Strange timeout with ScalaTest's Selenium DSL

I'm writing Selenium tests with ScalaTest's Selenium DSL and I'm running into timeouts I can't explain. To make matters more complicated, they only seem to happen some of the time.
The problem occurs whenever I access an Element after a page load or some Javascript rendering. It looks like this:
click on "editEmployee"
eventually {
textField(name("firstName")).value = "Steve"
}
My PatienceConfig is configured like this:
override implicit val patienceConfig: PatienceConfig =
PatienceConfig(timeout = Span(5, Seconds), interval = Span(50, Millis))
The test fails with the following error:
- should not display the old data after an employee was edited *** FAILED ***
The code passed to eventually never returned normally. Attempted 1 times over 10.023253653000001 seconds.
Last failure message: WebElement 'firstName' not found.. (EditOwnerTest.scala:24)
It makes sense that it doesn't succeed immediately, because the click causes some rendering, and the textfield may not be available right away. However, it shouldn't take 10 seconds to make an attempt to find it, right?
Also, I find it very interesting that the eventually block tried it only once, and that it took almost precisely 10 seconds. This smells like a timeout occurred somewhere, and it's not my PatienceConfig, because that was set to time out after 5 seconds.
With this workaround, it does work:
click on "editEmployee"
eventually {
find(name("firstName")).value // from ScalaTest's `OptionValues`
}
textField(name("firstName")).value = "Steve"
I did some digging in the ScalaTest source, and I've noticed that all calls that have this problem (it's not just textField), eventually call webElement at some point.
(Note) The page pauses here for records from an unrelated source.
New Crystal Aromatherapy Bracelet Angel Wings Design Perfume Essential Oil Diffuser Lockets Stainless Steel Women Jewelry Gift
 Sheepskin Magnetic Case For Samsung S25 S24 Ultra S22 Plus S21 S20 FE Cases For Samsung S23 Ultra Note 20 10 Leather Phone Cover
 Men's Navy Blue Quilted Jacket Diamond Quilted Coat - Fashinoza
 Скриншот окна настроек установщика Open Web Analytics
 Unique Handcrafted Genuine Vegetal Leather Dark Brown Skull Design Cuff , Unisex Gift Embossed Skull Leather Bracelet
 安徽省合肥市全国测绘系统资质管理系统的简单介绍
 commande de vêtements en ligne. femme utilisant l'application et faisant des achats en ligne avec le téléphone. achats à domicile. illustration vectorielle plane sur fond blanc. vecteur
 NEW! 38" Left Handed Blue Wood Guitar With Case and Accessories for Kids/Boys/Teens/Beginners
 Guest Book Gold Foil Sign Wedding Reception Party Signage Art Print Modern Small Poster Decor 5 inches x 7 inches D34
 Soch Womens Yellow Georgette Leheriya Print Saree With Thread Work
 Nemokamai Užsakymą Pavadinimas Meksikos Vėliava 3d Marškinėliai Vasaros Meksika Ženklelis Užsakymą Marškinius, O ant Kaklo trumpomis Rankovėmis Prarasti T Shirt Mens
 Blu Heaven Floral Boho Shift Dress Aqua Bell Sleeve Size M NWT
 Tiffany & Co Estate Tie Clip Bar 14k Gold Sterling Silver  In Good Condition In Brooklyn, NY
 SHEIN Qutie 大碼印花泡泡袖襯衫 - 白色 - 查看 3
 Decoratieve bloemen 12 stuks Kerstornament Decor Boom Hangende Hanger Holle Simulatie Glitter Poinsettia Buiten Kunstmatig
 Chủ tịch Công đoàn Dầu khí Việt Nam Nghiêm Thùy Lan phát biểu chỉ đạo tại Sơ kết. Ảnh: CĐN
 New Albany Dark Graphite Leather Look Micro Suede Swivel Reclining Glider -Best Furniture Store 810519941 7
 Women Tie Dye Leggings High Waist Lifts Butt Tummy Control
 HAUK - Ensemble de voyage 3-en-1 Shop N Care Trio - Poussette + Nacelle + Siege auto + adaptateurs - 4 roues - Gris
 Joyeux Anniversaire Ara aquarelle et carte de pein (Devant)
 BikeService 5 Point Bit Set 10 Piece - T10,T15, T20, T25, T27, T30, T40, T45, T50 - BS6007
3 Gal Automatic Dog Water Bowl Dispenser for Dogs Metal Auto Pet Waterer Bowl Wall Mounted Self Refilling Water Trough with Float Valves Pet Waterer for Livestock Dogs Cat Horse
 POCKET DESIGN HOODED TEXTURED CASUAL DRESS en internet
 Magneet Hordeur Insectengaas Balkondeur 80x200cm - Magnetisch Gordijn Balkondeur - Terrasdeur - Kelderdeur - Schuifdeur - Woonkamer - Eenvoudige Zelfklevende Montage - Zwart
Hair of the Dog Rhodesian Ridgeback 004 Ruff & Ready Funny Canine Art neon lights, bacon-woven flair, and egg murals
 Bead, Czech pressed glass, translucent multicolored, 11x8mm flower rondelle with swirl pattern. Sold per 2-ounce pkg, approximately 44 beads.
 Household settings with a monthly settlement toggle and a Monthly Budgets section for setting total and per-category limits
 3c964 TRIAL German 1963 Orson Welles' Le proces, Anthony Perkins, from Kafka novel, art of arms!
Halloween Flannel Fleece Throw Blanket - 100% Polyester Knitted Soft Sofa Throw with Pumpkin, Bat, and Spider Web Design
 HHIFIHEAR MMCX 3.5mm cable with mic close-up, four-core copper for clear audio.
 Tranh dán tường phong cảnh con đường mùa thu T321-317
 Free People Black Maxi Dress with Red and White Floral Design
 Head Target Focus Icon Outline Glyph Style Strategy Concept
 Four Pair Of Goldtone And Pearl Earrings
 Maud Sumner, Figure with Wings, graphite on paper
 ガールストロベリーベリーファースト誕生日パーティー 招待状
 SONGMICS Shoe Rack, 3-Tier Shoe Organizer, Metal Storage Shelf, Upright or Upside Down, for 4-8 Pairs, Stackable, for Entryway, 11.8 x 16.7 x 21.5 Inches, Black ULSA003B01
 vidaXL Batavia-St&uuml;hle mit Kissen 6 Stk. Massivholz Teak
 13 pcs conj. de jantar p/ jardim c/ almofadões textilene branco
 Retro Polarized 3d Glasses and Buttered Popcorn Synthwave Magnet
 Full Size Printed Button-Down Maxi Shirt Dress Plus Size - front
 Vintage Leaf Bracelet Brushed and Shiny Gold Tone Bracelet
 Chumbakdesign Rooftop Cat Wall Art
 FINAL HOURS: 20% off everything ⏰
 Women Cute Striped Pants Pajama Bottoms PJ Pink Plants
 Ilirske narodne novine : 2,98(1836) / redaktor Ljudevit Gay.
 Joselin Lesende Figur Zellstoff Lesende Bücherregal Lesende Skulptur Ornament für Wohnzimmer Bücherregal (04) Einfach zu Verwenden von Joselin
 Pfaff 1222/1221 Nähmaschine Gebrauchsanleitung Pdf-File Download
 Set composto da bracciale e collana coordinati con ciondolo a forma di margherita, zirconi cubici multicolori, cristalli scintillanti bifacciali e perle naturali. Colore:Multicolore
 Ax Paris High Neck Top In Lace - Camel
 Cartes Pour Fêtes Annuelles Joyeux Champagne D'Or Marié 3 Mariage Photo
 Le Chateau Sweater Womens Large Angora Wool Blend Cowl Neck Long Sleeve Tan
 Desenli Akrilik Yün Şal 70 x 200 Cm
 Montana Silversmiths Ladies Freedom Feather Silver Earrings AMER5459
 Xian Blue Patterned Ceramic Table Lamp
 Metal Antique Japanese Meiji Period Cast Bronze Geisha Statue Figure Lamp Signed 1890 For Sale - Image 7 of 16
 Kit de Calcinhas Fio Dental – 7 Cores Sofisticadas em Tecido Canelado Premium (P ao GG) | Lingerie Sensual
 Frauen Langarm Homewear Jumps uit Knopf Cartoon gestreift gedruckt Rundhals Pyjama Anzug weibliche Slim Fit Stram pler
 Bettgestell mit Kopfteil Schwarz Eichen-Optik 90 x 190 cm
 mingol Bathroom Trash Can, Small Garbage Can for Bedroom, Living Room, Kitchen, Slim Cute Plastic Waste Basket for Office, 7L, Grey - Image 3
The reason why the workaround works, is because it doesn't call webElement. webElement is defined like this:
def webElement(implicit driver: WebDriver, pos: source.Position = implicitly[source.Position]): WebElement = {
try {
driver.findElement(by)
}
catch {
case e: org.openqa.selenium.NoSuchElementException =>
// the following is avoid the suite instance to be bound/dragged into the messageFun, which can cause serialization problem.
val queryStringValue = queryString
throw new TestFailedException(
(_: StackDepthException) => Some("WebElement '" + queryStringValue + "' not found."),
Some(e),
pos
)
}
}
I've copied that code into my project and played around with it, and it looks like constructing and/or throwing the exception is where most of the 10 seconds are spent.
(EDIT Clarification: I've actually seen the code actually spend its 10 seconds inside the catch block. The implicit wait is set to 0, and besides, if I remove the catch block everything simply works as expected.)
So my question is, what can I do to avoid this strange behaviour? I don't want to have to insert superfluous calls to find all the time, because it's easily forgotten, especially since, as I said, the error occurs only some of the time. (I haven't been able to determine when the behaviour occurs and when it doesn't.)
It is clear that the textField(name("firstName")).value = "Steve" ends up calling the WebElement as you have found out.
Since the issue in the op is happening where ever web elements are involved (which in turn implies that webdriver is involved), I think it is safe to assume that the issue is related to the implicit wait on the Web driver.
implicitlyWait(Span(0, Seconds))
The above should ideally fix the issue. Also, making implicit wait to be 0 is a bad practice. Any web page might have some loading issues. The page load is handled by Selenium outside its wait conditions. But slow element load (may be due to ajax calls) could result in failure. I usually keep 10 seconds as my standard implicit wait. For scenarios which require more wait, explicit waits can be used.
def implicitlyWait(timeout: Span)(implicit driver: WebDriver): Unit = {
driver.manage.timeouts.implicitlyWait(timeout.totalNanos, TimeUnit.NANOSECONDS)
}
Execution Flow:
name("firstName") ends up having value as Query {Val by = By.className("firstName") }.
def name(elementName: String): NameQuery = new NameQuery(elementName)
case class NameQuery(queryString: String) extends Query { val by = By.name(queryString) }
Query is fed to the textField method which calls the Query.webElement as below.
def textField(query: Query)(implicit driver: WebDriver, pos: source.Position): TextField = new TextField(query.webElement)(pos)
sealed trait Query extends Product with Serializable {
val by: By
val queryString: String
def webElement(implicit driver: WebDriver, pos: source.Position = implicitly[source.Position]): WebElement = {
try {
driver.findElement(by)
}
catch {
case e: org.openqa.selenium.NoSuchElementException =>
// the following is avoid the suite instance to be bound/dragged into the messageFun, which can cause serialization problem.
val queryStringValue = queryString
throw new TestFailedException(
(_: StackDepthException) => Some("WebElement '" + queryStringValue + "' not found."),
Some(e),
pos
)
}
}
}
I don't know ScalaTest's specifics, but such strange timeouts usually occur when you're mixing up implicit and explicit waits together.
driver.findElement uses implicit waits internally. And depending on specified explicit waits timeout, you may face with summing both together.
Ideally, implicit waits should be set to 0 to avoid such issues.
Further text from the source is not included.